Like the farmer and the cowboy, shareholders and management can be friends too — maybe not close friends. Signs of newfound respect are percolating between the two, often quarrelsome, parties.
By Eleanor Bloxham, contributor
Informal polls of corporate board directors find that about 5% view the proxy as a marketing tool for the board and the company. But that may be changing.
As proxy season gets underway, some early, behind the scenes discussions between shareholders and companies are exhibiting a welcome break from the past: a new tone of respect.
Tim Smith, Director of ESG Shareowner Engagement at Walden Asset Management, says the new requirement for say on pay — giving shareholders a voting voice on executive compensation — is a big part of the reason for the changes he is seeing: “Say on pay is stimulating more dialogue,” he says.

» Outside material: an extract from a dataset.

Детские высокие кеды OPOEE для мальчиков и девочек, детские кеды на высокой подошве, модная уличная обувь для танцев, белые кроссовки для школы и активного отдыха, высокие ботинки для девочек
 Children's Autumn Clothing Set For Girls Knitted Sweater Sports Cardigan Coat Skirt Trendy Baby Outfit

Managers and directors don’t want the headache of no votes on executive pay packages — and they don’t want unhappy shareholders.
This is a welcome change from the past, when corporations almost always viewed shareholders with opinions as either annoyances or downright enemies. A slammed door and a “not-invented-here” policy were de rigueur corporate responses to shareholder proposals.
But two companies early on in this proxy season plan to take a different tact. They may not agree with shareholders, but they aren’t going to be so quick to judge.
One is Gentex
, where the board has decided not to oppose a shareholder proposal for majority voting, which requires that a director receive at least a majority of the votes to be elected. Instead of objecting, the board at Gentex plans to have no recommendation on the way shareholders vote, according to a letter sent to shareholders that Fortune obtained. Instead, the company will present views on the pros and cons of the proposal and leave it to the shareholders to decide.
St. Jude Medical
will also take a muted approach toward a shareholder proposal to declassify its board, which would mean that all board members would come up for election each year rather than just a few, according to a letter to shareholders obtained by Fortune. Shareholders view declassification as a way to promote accountability of all members on the board on at least an annual basis.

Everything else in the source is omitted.